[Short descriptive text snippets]
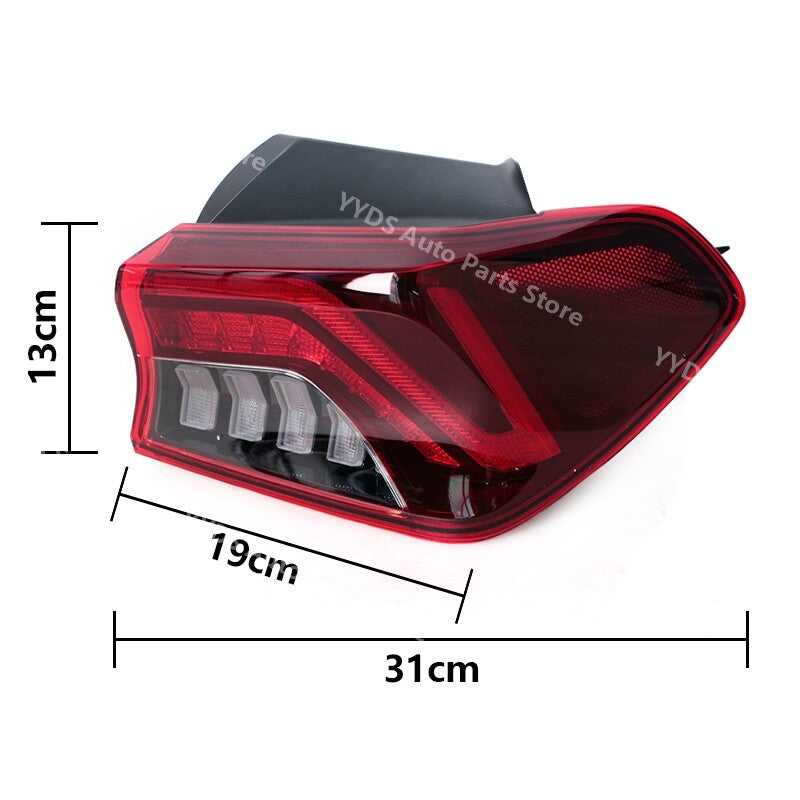 LED Tail Light Rear Brake Lamp Right for Kia Optima K5 4-Doors Sedan 2020 2021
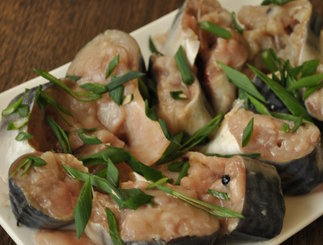 Слабосолёная скумбрия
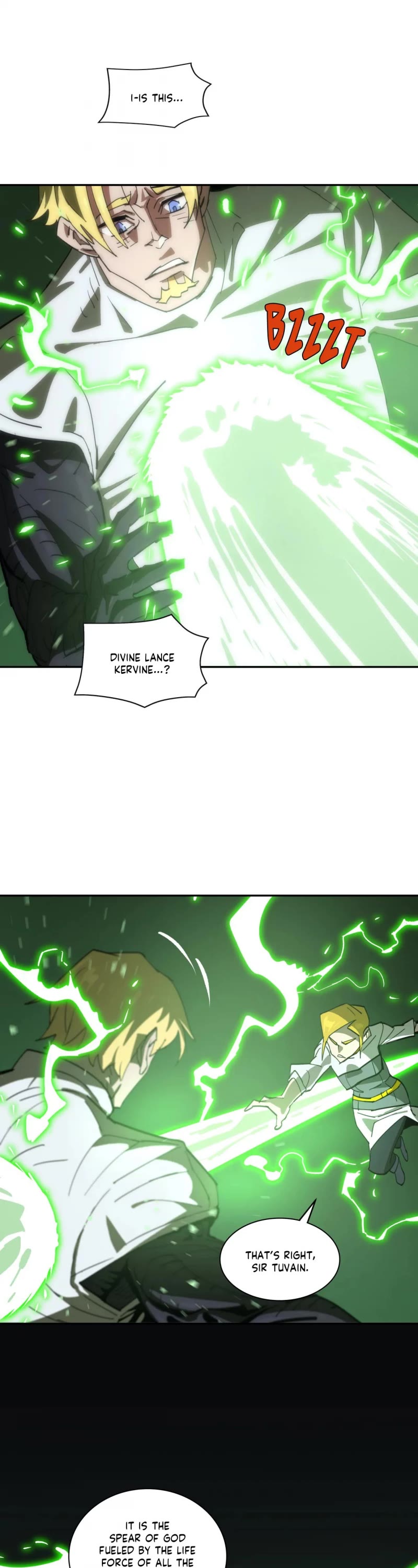 4 Cut Hero Chapter 183 page 12 - Chapter 183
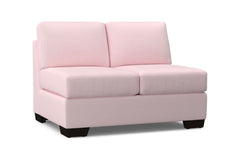 Melrose Armless Loveseat :: Leg Finish: Espresso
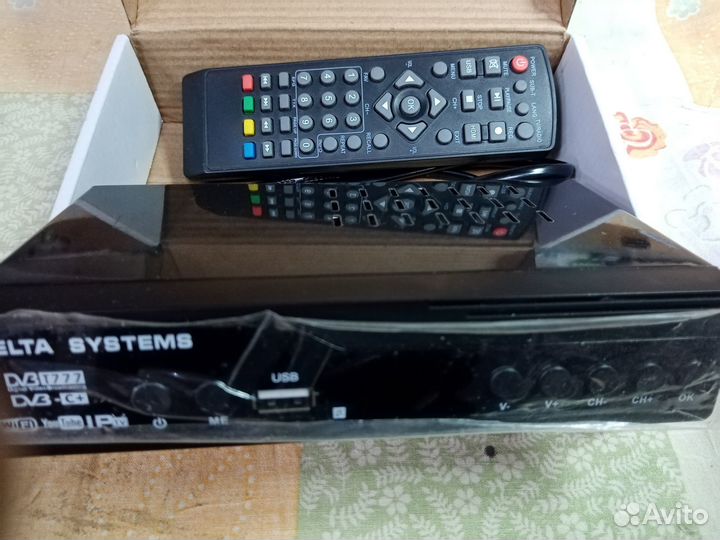 Цифровая приставка DVB T2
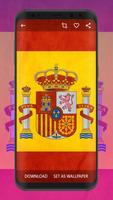 Spain Flag Wallpapers پوسٹر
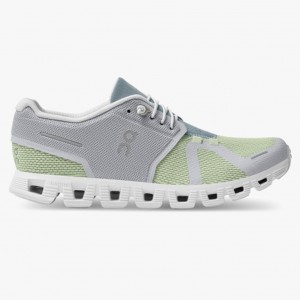 Glacier/Meadow On Running Cloudgo Women's Running Shoes | MP4376018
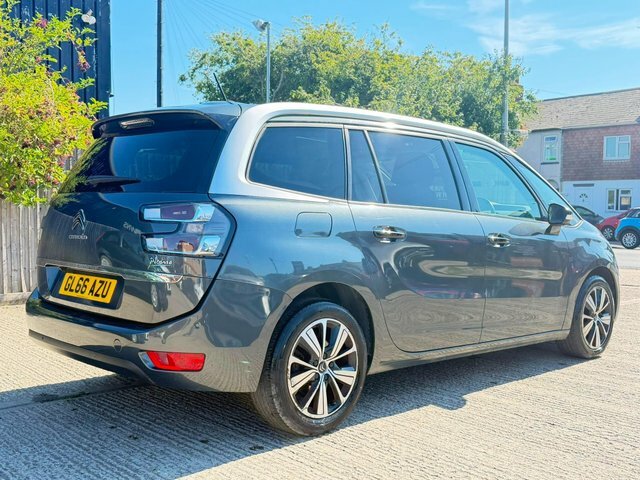 Citroen Grand C4 Picasso Picasso Mpv Blue #8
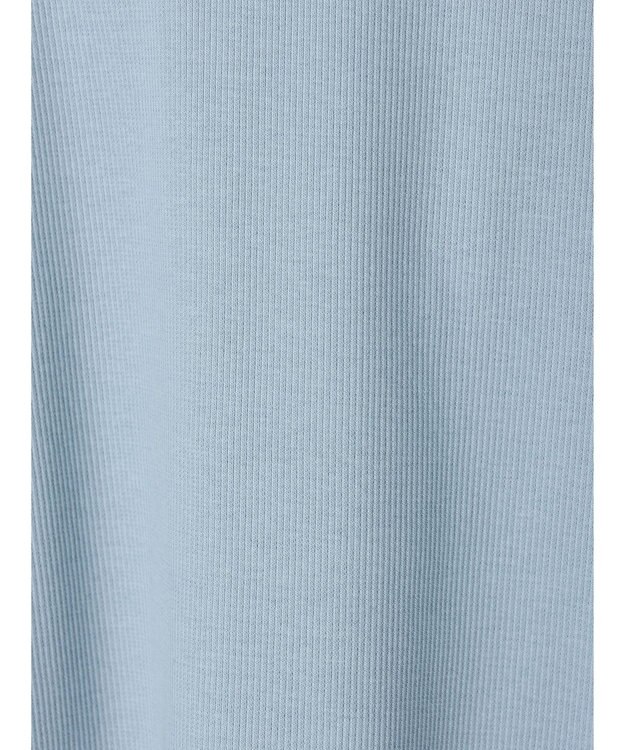 earth music&ecology パワーショルダーリブプルオーバー Sax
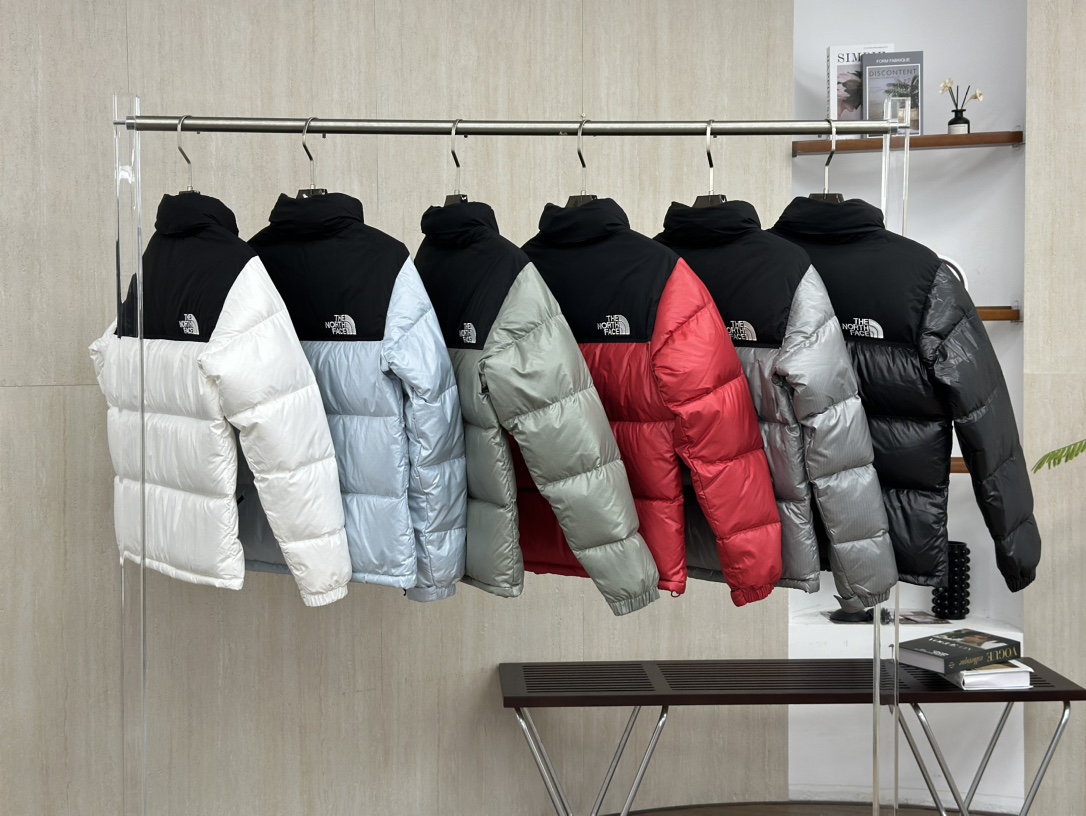The North Face 1996 Retro Nuptse Puffer Jacket with Sleeve Logo - Korean Style 5 i1759472721 3241 2
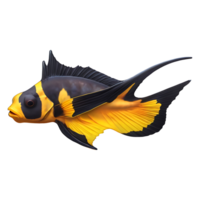 Bat Fish Logo png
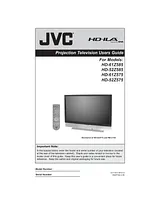 JVC HD-61Z585 사용자 설명서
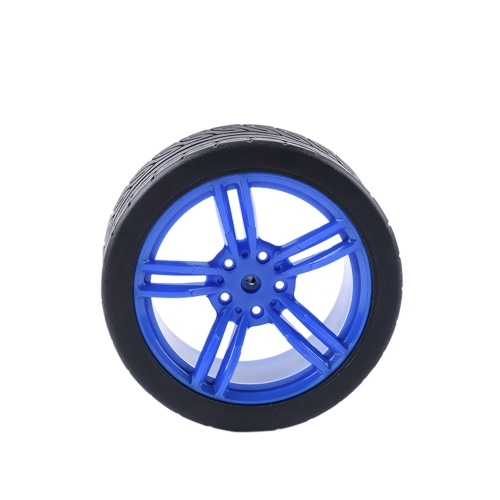 

1 Pcs DIY Toy Mini Plastic Wheel Tire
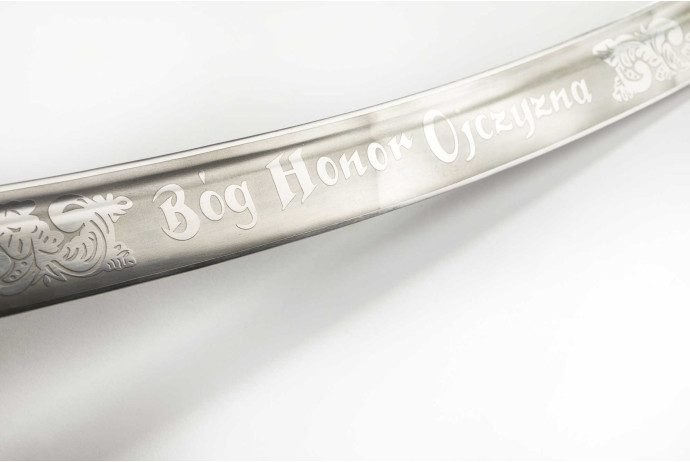 Replika szabla polska na tablo wz 1750 nr 1750 A/G+T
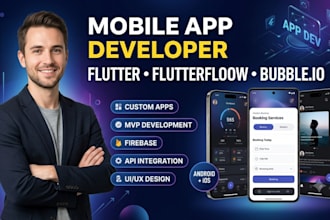 build flutterflow app, flutter flow and be flutterflow mobile app developer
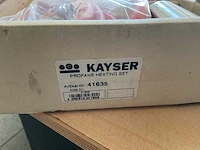 Kayser 41635 gasbrander - afbeelding 2 van  2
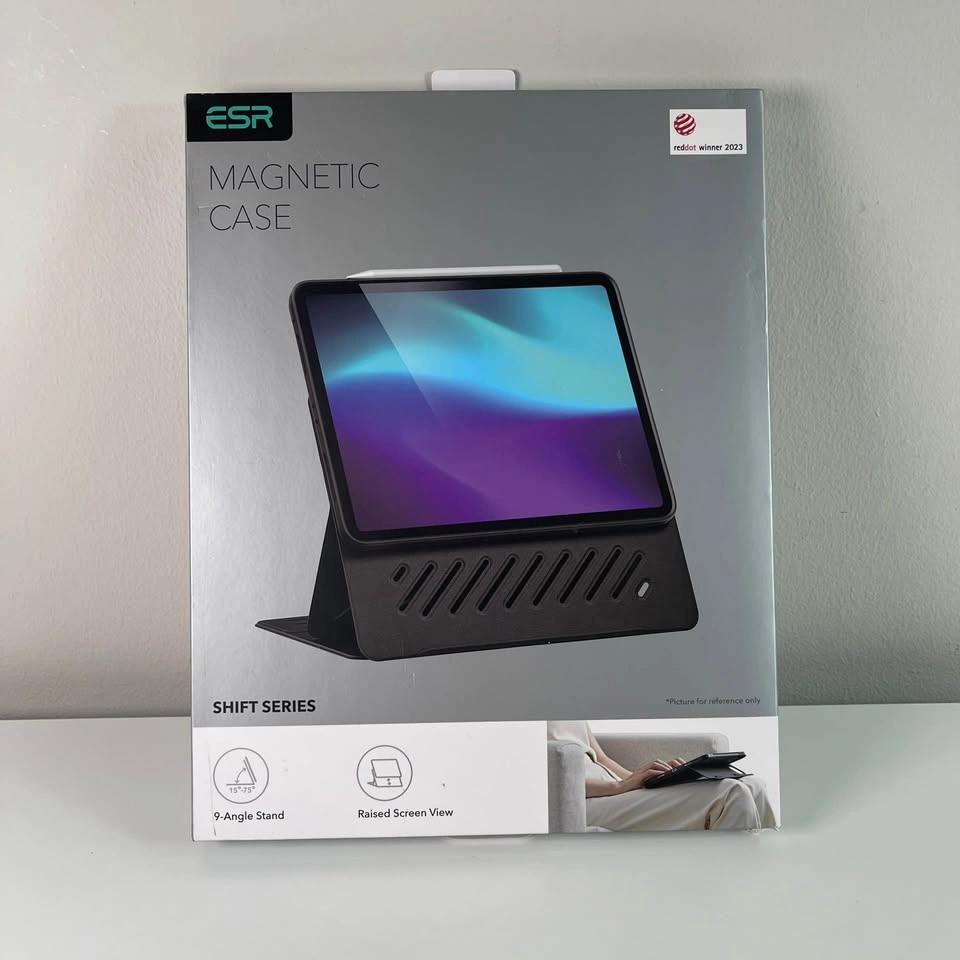 iPad Air 13 inch M2 Magnetic Case - ESR 9 Angle Stand - photo 2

Exercise directions: Output exactly the lines from the first line of the records through the line containing "1 Pcs DIY Toy Mini Plastic Wheel Tire". Leave out every picture.

Solution to this task:
 LED Tail Light Rear Brake Lamp Right for Kia Optima K5 4-Doors Sedan 2020 2021
 Слабосолёная скумбрия
 4 Cut Hero Chapter 183 page 12 - Chapter 183
 Melrose Armless Loveseat :: Leg Finish: Espresso
 Цифровая приставка DVB T2
 Spain Flag Wallpapers پوسٹر
 Glacier/Meadow On Running Cloudgo Women's Running Shoes | MP4376018
 Citroen Grand C4 Picasso Picasso Mpv Blue #8
 earth music&ecology パワーショルダーリブプルオーバー Sax
The North Face 1996 Retro Nuptse Puffer Jacket with Sleeve Logo - Korean Style 5 i1759472721 3241 2
 Bat Fish Logo png
 JVC HD-61Z585 사용자 설명서

1 Pcs DIY Toy Mini Plastic Wheel Tire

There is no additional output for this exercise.